2. At the time Truman desegregated the military, 65 percent of the country opposed the action. When Brown v Board of Ed was decided, 60+ percent of the country opposed integration of the schools (though this was to change rapidly in the wake of the decision). Courts and politicians are political animals, but they are also leaders–or at least at times in the past, have been leaders. Unfortunately, as we have been without political leadership for sometime, it isn't surprising that this case was decided in such a manner as to defy just about any and all expectations. (There are a lot of people on Intrade who got hosed in this decision).

Rocky Humbert writes: 

Have you even read Robert's opinion? I did. He didn't do any favors for the left in it; he takes a swipe at Wickard and he is very clear that upholding the mandate should not be construed as any expansion of government power. Essentially, he wrote that if it walks like a duck, talks like a duck, smells like a duck, then it's a duck. Substance over form. He blew away the government on every other substantive argument.

In the future application of this ruling, I believe that his opinion won't be used as opening the door further to govt intervention; quite the opposite is true! But unless you read the opinion, you won't know this and the MSM won't report it. I find it disappointing that the court ruled this way, but as I noted yesterday morning, this was not an easy decision and the opinion reflects that.

I find it reasonable for you to quarrel with the substance of his opinion only after you have read it. But judging from your comment, you haven't.
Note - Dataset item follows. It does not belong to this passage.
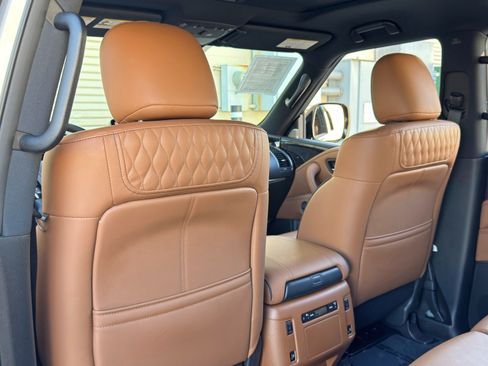 Used 2024 INFINITI QX80 Sensory AWD/4WD image 38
And you comment is vacuous and snarky.

Read the opinion and then comment on the substance.

Gary Rogan adds: 

This ruling is a tortured conclusion looking (and failing) to find reasonable arguments as far as the "tax" portion of it is concerned. What is being taxed here?

It was sold as a mandate and this legal genius finds it to be a tax. If someone sells you a duck claiming to be an elephant, and you find that it's OK because you have a license to sell ducks instead of finding fraud, you are not operating in good faith. Especially if the duck isn't even a normal duck but some mutated monster resulting from an unfortunate breeding of a duck with a goose.
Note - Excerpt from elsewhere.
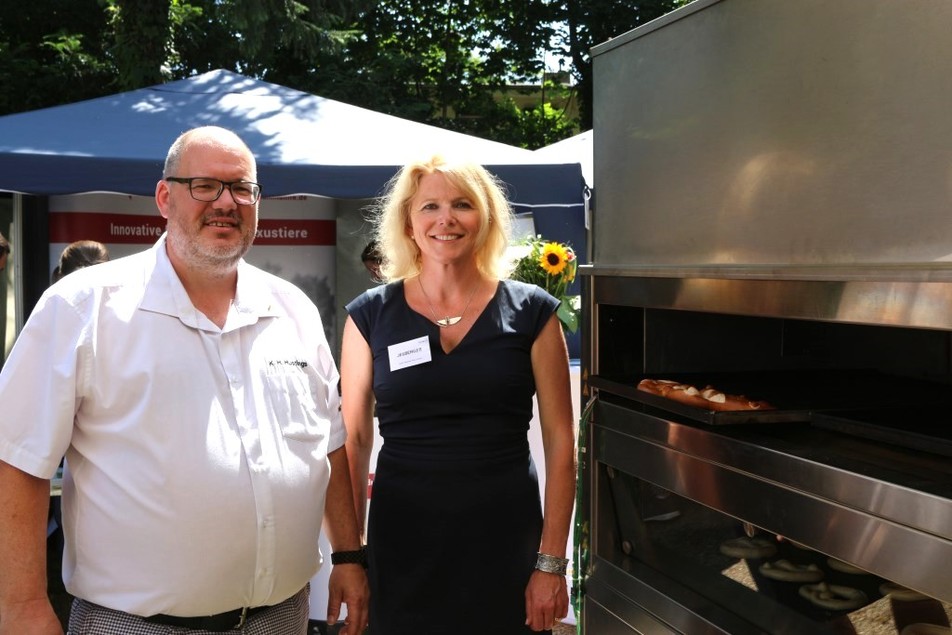 Für den Backofenbauer MIWE (Michael Wenz GmbH) beim Innovationstag dabei: Bäckermeister und Anwendungstechniker Karl-Heinz Hustings und Sonja Jeßberger, Leiterin des Produktmanagements. Sie will sich im Unternehmen dafür einsetzen, dass die Porenbrennertechnologie künftig auch in MIWE-Backöfen eingebaut wird.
He cuts one type of power found in the "living breathing Constitution" by progressive activists and adds another power of similar flawed pedigree. He did no favors to the left? He SAVED the damn left, to continue their abuse of the Constitution and the country. This man is a snake.

Garret Baldwin writes:

"It was sold as a mandate and this legal genius finds it to be a tax."

Respectfully, it was sold as a mandate to the American people and to representatives in Congress. But when it went to the high-court, it was sold as both a mandate and as a tax. There were two arguments provided on behalf of the Administration. One was that the mandate fell under the commerce clause. In essence, Congress was ruling that it could create commerce in order to regulate it. They were creating a program that forced people to buy something, and that would fall under the clause. Could Congress then make you buy anything it wanted, became the question.
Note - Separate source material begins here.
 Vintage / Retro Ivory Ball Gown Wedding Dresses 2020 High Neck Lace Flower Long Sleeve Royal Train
Roberts ruled that down. Even Sotomeyor disagreed with that logic.

But then the issue of a tax did in fact come up in discussion. Though the President said that it wasn't a tax on ABC in 2009, the administration argued in front of the court that the mandate fell within Congress' taxing power… but attempted to argue that it was not a tax… They argued that PENALTIES are within the reach of Congress' taxing power, but that this was not a "revenue generating policy" which is what a tax technically is.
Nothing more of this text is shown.